I have to share what I’d anticipated would be a fairly dry discussion, and was instead a conversation that I am unlikely ever to forget.

Ahead of today’s AGM where our co-op’s board is expected to announce it is considering a partial share market listing, I phoned Professor Tim Mazzarol to discuss the implications of different ownership structures for co-operatives. Around 18 months ago, the professor wrote a story for The Conversation about Fonterra’s restructuring, which may well become a model for our own Murray Goulburn Co-op and I wanted to learn more.

Tim’s title is but he and his team have done some remarkable research on the nature of co-operatives. What it reveals is that co-operative members wear four “hats”:

  1. Patron
    As patron, we are concerned mostly with the transactions we have with the co-op. In my case, that’s sending milk, buying goods at the trading store and so on.
  2. Investor
    As investor, I look at the financial returns offered by the co-op. Once the emphasis is placed heavily on this aspect, Prof Mazzarol notes, there’s often pressure to demutualise.
  3. Ownership
    Quite unlike the traditional investor (or shareholder of a listed company), I have a sense of ownership over the direction of the co-op and a much higher involvement with it.
  4. Effective community
    The co-op provides a feeling of belonging to a broader community.

In other words, a farmer co-operative is much, much more than just a farmer-owned company.

“Co-operatives need to keep reminding themselves of their original purpose,” says Professor Mazzarol. “When managers don’t share the vision, they can shift from a proper co-op to a farmer owned business. If you own the business and have substantial capital in it, you are interested in control.”

Professor Mazzarol believes the Fonterra TAF model, which allows farmers to trade their shares, weakens the role of the co-operative.

“If you separate investment from ownership, you raise the spectre of decisions being made by a board dominated by people with no interest in the members.”

In practical terms, he says, that could mean refusing to collect milk from less profitable suppliers, for example.

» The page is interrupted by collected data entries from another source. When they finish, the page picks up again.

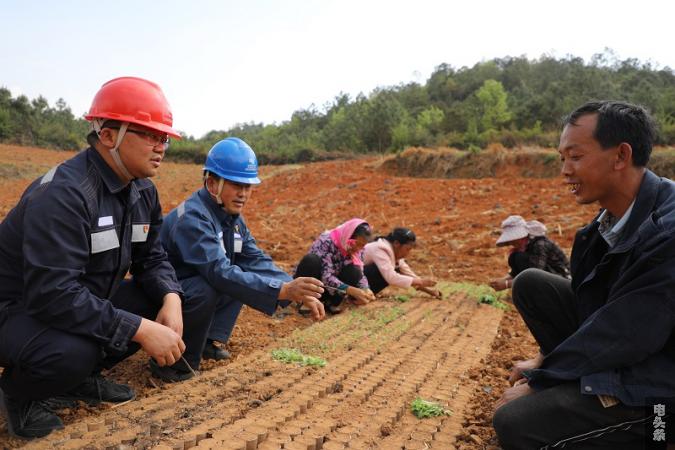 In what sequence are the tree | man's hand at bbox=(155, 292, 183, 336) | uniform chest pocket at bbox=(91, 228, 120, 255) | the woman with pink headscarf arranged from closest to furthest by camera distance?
uniform chest pocket at bbox=(91, 228, 120, 255)
man's hand at bbox=(155, 292, 183, 336)
the woman with pink headscarf
the tree

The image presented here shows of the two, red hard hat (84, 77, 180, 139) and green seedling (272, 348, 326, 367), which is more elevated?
red hard hat (84, 77, 180, 139)

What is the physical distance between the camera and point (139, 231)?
2.88 metres

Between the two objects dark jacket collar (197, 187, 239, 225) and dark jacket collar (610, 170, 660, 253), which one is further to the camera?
dark jacket collar (197, 187, 239, 225)

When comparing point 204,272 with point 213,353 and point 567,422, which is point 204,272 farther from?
point 567,422

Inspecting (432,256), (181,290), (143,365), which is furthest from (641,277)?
(432,256)

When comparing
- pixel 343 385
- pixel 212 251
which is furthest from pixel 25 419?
pixel 343 385

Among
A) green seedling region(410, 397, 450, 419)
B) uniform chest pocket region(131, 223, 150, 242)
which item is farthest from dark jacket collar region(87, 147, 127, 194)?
green seedling region(410, 397, 450, 419)

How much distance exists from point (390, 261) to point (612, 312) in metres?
3.96

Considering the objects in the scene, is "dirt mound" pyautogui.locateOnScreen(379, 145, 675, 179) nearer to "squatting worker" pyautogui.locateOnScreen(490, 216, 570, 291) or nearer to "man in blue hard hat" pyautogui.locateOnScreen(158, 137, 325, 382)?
"squatting worker" pyautogui.locateOnScreen(490, 216, 570, 291)

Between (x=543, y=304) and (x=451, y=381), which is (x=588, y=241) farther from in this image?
(x=451, y=381)

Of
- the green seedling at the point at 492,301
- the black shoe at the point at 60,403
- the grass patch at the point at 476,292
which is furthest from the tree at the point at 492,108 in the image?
the black shoe at the point at 60,403

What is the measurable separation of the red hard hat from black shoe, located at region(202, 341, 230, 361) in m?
1.76

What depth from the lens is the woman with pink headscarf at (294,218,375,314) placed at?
5.17 metres

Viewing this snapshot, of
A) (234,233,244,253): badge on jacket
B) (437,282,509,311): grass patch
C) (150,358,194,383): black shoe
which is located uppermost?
(234,233,244,253): badge on jacket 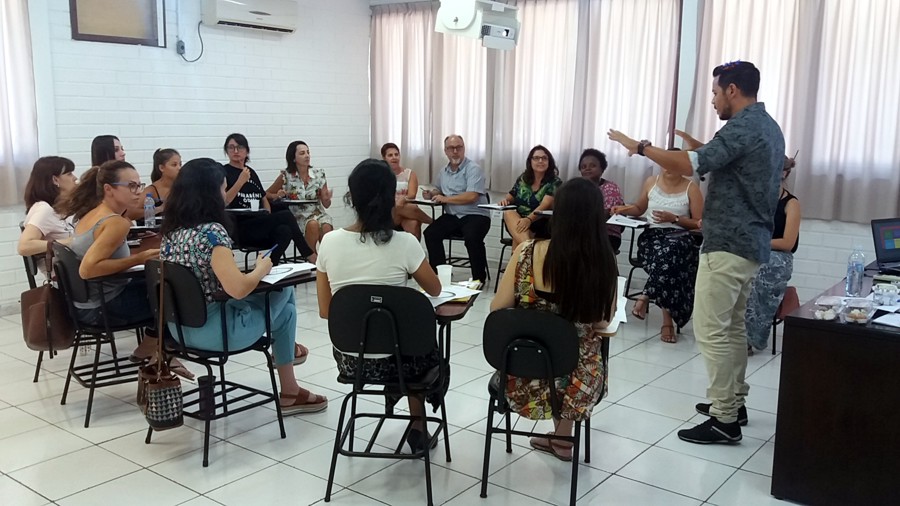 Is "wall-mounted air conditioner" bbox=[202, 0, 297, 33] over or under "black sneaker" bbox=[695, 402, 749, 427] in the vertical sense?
over

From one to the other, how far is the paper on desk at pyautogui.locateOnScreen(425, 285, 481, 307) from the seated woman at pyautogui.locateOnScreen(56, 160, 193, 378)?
56.1 inches

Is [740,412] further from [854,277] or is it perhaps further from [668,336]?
[668,336]

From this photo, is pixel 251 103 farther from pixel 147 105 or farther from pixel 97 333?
pixel 97 333

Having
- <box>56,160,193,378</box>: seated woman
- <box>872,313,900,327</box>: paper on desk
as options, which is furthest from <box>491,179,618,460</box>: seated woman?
<box>56,160,193,378</box>: seated woman

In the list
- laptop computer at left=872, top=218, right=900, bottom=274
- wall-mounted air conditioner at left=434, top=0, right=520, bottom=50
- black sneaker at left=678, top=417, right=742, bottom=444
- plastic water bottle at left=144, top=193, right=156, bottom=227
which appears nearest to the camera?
black sneaker at left=678, top=417, right=742, bottom=444

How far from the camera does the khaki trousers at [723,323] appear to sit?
305 cm

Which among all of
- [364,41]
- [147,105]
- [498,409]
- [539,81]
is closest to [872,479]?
[498,409]

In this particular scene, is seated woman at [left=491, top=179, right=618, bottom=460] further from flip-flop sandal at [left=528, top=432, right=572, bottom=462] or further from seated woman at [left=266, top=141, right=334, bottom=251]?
seated woman at [left=266, top=141, right=334, bottom=251]

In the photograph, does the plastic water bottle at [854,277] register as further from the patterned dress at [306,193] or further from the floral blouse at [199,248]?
the patterned dress at [306,193]

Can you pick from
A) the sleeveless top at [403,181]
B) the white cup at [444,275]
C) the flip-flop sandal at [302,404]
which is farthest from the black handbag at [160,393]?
the sleeveless top at [403,181]

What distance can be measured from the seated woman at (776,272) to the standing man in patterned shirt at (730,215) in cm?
135

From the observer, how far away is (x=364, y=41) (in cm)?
762

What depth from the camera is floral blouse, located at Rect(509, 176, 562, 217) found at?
5.79 meters

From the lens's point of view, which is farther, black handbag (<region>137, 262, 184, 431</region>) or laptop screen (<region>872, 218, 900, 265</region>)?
laptop screen (<region>872, 218, 900, 265</region>) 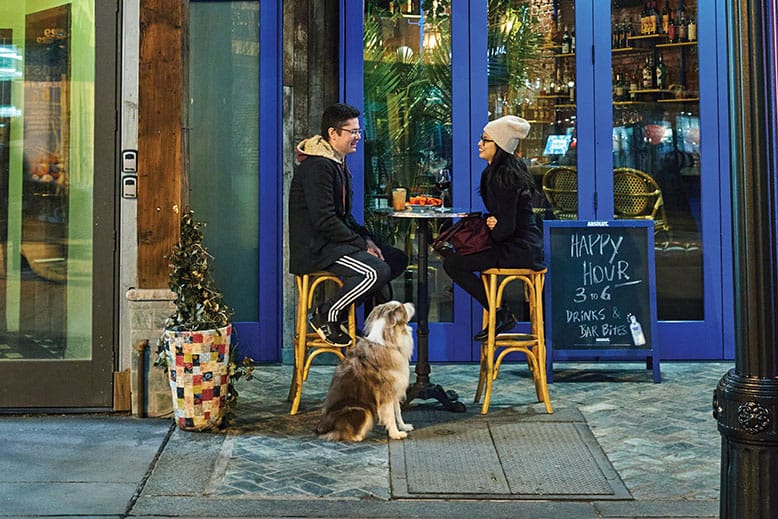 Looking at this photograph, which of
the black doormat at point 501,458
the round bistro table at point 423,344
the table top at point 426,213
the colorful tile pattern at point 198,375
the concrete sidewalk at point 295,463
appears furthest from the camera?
the round bistro table at point 423,344

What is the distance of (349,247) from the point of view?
6297 millimetres

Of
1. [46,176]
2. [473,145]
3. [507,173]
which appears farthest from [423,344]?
[46,176]

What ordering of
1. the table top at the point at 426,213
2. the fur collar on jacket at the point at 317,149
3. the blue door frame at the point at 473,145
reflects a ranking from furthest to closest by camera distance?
the blue door frame at the point at 473,145, the fur collar on jacket at the point at 317,149, the table top at the point at 426,213

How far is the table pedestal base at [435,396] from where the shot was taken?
6453 mm

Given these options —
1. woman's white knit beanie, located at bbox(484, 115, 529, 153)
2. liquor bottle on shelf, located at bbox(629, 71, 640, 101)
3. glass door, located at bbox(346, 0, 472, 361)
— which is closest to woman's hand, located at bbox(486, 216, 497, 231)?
woman's white knit beanie, located at bbox(484, 115, 529, 153)

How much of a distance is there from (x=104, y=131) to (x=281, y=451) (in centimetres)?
222

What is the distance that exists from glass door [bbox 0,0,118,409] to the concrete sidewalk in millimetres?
563

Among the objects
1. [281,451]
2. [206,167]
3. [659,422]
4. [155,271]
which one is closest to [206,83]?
[206,167]

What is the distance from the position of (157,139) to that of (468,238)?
6.37ft

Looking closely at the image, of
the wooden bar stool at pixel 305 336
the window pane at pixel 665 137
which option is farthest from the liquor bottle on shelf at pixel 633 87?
the wooden bar stool at pixel 305 336

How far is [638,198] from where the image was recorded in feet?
26.2

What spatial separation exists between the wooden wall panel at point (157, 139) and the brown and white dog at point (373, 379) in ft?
4.29

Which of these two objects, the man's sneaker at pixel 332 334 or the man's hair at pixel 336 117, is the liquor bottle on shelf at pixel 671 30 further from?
the man's sneaker at pixel 332 334

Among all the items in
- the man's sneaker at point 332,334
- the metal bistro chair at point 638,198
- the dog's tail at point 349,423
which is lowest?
the dog's tail at point 349,423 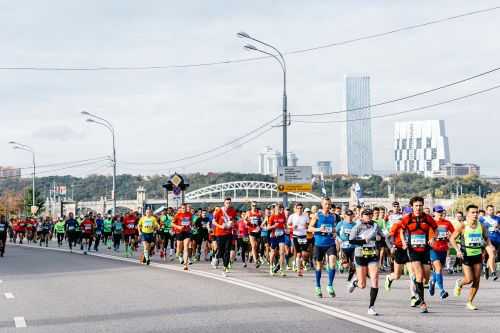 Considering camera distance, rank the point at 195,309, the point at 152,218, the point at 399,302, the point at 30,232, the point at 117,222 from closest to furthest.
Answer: the point at 195,309 → the point at 399,302 → the point at 152,218 → the point at 117,222 → the point at 30,232

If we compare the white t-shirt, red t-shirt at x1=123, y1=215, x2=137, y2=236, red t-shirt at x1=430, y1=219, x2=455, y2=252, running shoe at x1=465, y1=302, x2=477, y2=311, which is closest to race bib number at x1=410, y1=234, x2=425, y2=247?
running shoe at x1=465, y1=302, x2=477, y2=311

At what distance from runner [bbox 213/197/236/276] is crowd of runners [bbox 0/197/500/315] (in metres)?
0.02

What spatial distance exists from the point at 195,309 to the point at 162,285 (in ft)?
15.6

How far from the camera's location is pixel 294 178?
3506 centimetres

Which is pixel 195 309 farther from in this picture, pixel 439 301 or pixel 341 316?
pixel 439 301

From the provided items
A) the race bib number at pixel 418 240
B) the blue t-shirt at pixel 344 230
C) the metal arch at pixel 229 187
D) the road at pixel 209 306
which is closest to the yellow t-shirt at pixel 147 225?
the road at pixel 209 306

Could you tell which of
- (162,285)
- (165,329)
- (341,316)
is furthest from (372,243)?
(162,285)

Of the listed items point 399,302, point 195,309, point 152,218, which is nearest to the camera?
point 195,309

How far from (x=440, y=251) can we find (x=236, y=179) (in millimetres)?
167177

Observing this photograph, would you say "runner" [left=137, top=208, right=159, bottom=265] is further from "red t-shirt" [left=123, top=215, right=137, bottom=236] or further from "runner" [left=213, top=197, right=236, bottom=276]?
"red t-shirt" [left=123, top=215, right=137, bottom=236]

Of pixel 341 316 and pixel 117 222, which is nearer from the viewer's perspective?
pixel 341 316

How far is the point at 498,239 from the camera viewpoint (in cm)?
2194

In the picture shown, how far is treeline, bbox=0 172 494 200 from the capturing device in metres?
174

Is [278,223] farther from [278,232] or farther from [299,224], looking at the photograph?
[299,224] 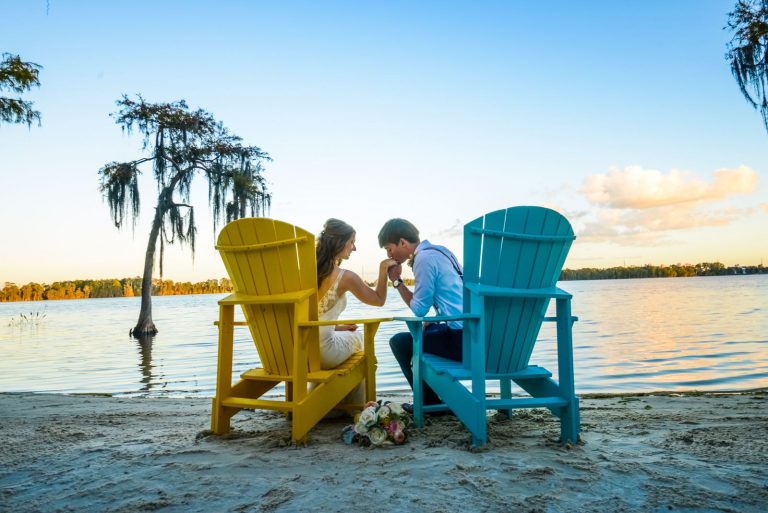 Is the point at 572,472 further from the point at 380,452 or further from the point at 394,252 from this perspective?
the point at 394,252

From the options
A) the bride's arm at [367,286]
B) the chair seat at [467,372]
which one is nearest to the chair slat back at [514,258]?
the chair seat at [467,372]

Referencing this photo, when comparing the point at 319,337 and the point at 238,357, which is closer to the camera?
the point at 319,337

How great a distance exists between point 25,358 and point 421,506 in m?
10.4

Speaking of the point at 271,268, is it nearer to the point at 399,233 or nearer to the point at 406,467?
the point at 399,233

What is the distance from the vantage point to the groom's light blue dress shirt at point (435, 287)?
3.38 metres

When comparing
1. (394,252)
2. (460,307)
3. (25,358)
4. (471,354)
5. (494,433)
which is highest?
(394,252)

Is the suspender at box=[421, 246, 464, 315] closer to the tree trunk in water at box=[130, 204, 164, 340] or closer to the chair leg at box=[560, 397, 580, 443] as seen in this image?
the chair leg at box=[560, 397, 580, 443]

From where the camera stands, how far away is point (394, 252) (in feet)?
12.1

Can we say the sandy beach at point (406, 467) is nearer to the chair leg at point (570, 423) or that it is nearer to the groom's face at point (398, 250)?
the chair leg at point (570, 423)

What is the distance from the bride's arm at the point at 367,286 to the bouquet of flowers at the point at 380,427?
0.98m

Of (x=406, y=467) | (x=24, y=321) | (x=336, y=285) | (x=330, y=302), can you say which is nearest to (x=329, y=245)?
(x=336, y=285)

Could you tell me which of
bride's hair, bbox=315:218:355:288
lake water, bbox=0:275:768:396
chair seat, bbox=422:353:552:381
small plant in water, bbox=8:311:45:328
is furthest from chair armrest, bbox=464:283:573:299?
small plant in water, bbox=8:311:45:328

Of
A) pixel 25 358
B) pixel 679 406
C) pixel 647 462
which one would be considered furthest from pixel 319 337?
pixel 25 358

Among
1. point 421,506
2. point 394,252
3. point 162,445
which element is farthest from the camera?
point 394,252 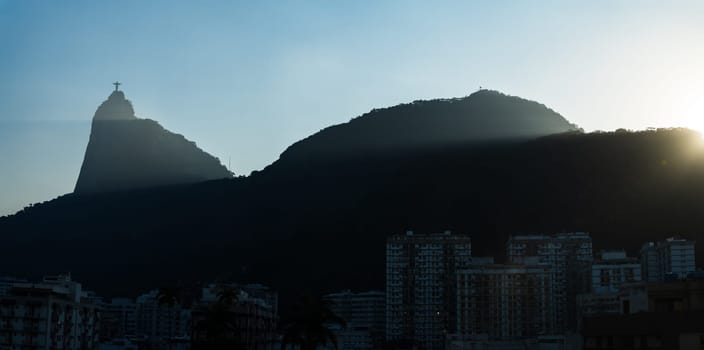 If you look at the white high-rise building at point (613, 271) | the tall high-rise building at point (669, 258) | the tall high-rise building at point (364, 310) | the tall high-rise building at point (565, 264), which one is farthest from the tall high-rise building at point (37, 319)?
the tall high-rise building at point (565, 264)

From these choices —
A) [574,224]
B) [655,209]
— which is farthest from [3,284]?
[655,209]

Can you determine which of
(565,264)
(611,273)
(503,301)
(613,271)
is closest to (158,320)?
(503,301)

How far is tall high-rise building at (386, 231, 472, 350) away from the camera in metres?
162

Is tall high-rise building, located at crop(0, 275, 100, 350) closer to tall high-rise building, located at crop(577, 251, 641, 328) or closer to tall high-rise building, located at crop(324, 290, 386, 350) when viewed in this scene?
tall high-rise building, located at crop(577, 251, 641, 328)

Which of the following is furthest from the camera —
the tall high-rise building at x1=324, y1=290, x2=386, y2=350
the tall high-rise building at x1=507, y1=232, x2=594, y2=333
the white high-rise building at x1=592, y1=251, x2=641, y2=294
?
the tall high-rise building at x1=324, y1=290, x2=386, y2=350

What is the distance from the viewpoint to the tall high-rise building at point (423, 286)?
16250 centimetres

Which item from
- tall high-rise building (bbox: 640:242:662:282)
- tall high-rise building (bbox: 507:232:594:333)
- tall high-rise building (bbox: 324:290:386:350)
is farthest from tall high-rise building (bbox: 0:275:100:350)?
tall high-rise building (bbox: 640:242:662:282)

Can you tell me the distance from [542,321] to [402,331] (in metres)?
21.4

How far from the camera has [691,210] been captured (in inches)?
7308

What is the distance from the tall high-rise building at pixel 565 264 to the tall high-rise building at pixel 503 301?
2448mm

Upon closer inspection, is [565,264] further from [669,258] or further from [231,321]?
[231,321]

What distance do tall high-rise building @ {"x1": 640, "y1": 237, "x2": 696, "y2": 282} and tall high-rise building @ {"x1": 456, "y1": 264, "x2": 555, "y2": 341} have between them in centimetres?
1535

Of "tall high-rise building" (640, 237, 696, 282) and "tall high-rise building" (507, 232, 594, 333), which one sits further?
"tall high-rise building" (507, 232, 594, 333)

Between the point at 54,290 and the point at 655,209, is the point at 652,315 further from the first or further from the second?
the point at 655,209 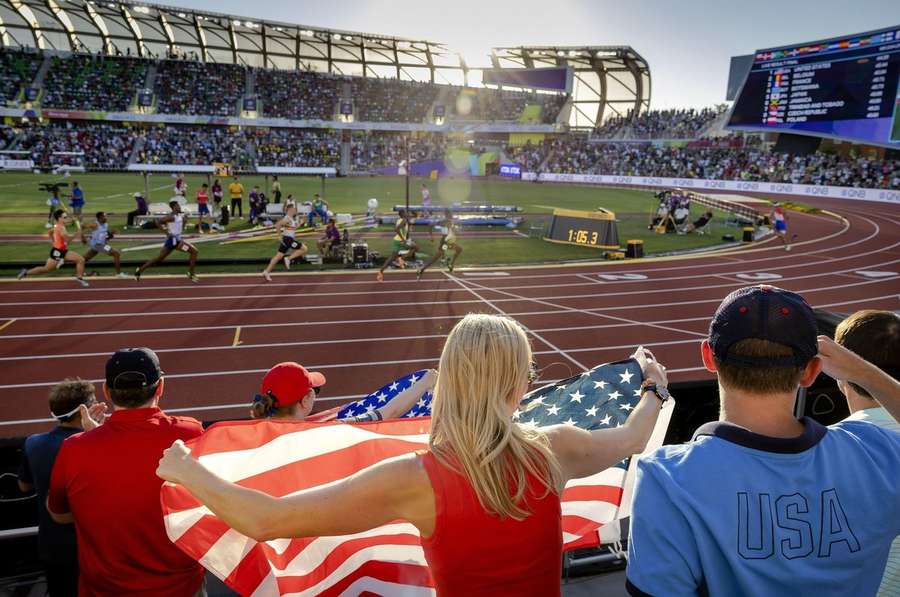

What co-operatives offer Australian farmers

“The average Australian farmer has increased productivity by 50% or more in the past decade but captured very little of that,” Professor Mazzarol says.

“The value of that investment is siphoned off by choke points in the supply chain, where there is a concentration of market power. The only way producers can deal with that is to circumvent those choke points by value adding and selling direct or belong to a co-operative with increased bargaining power that will return the value to farmers.”

“MG is acting like a pace-maker co-op, ‘keeping the bastards honest’, and if it disappeared from the market tomorrow, prices would start to fall. ‘Suppliers are treated with respect’ is very different from ‘we exist to maximise returns for our members’.”

The co-operative as community canary

The steady disappearance of co-operatives, Professor Mazzarol says, signals a change in Australian society.

“Co-operatives are a bellwether of social capital,” he says. “A co-operative needs three things: trust, reciprocity and a network. If these break down, so do co-ops.”

A gloomy observation, indeed. Let’s hope that when push comes to shove, trust, reciprocity and community are still alive and well among Australia’s farmers.